Costa-Gavras habite chaque parcelle de Music Box, une éprouvante leçon d’histoire qui cristallise l’essence de son cinéma. On y retrouve notamment la froideur clinique qui a fait le succès de sa trilogie politique ainsi que sa farouche opposition à céder aux sirènes du spectaculaire. Aucun violon ne trouve sa place dans la bande son de Music Box, pas plus que des effusions lacrymales ne viennent résoudre les sentiments qui s’y confrontent. Les hommes y sont représentés tels qu’ils sont : tour à tour compatissants, couards, barbares, impardonnables, insaisissables.
Un parti pris dangereux qui nécessite un final à la hauteur. Pendant plus d’une heure, Music Box relate les faits, sans les transcender, avec la précision chirurgicale d’un universitaire qui donnerait une conférence. Le doute ne plane pas vraiment quant à la culpabilité du salaud assis sur le banc des accusés, le procès qui monopolise l’attention pendant les trois quarts du film est une succession de témoignages glaçants qui ne font que paver un chemin tristement connu vers le terme du vrai combat qui se joue à l’écran.
Celui d’un être dont les repères sont soudainement remis en question. Celui d’une fille aimante qui se rend compte que l’homme qu’elle vénère est capable du pire. Que le patriarche qui porte fièrement ce titre ne peut se résoudre à assumer les actes terribles qu’il a commis. Quand Music Box quitte les Etats Unis pour une visite guidée dans les rues de Budapest, sa construction dramatique exigeante porte ses fruits. Un portrait en noir et blanc innocemment pendu au mur d’un appartement miteux achève les derniers espoirs d’un cœur jusque là préservé par les illusions d’une conscience consentant au déni.
Mais c’est bel et bien sur le sol de sieur Donald, lorsqu’une boîte à musique accompagne de son refrain mortuaire le dernier acte, que le mouton voit son masque s’orner d’une fissure incriminante, irréversible.

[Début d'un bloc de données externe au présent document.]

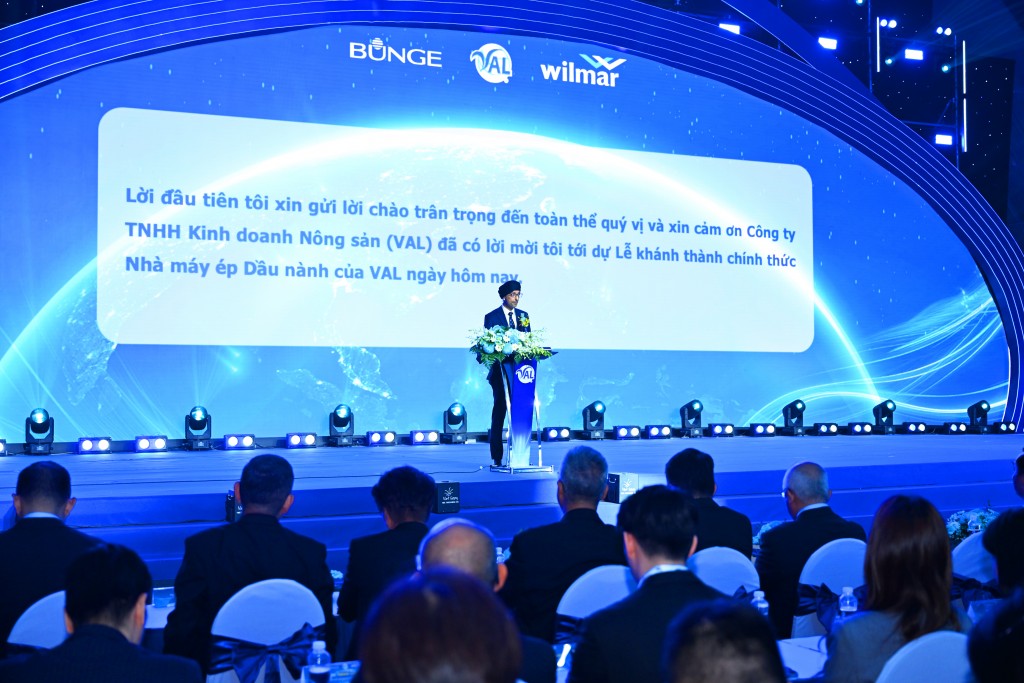 4. Ông Rajpal Singh, Đại sứ Đặc mệnh Toàn quyền Cộng hòa Singapore tại Việt Nam, phát biểu tại lễ khánh thành 4. Ông Rajpal Singh, Đại sứ Đặc mệnh Toàn quyền Cộng hòa Singapore tại Việt Nam, phát biểu tại lễ khánh thành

Un final à la hauteur, qui justifie pleinement le choix narratif presque pantouflard qui porte Music Box. Un dénouement porté par les traits fermés de Armin Mueller-Stahl qui livre une partition marquante dans un rôle difficile, la justesse de Jessica Lange, meurtrie mais digne, ainsi qu’une mise en scène discrète qui sait faire parler les hommes même quand ils persistent à se terrer dans le silence.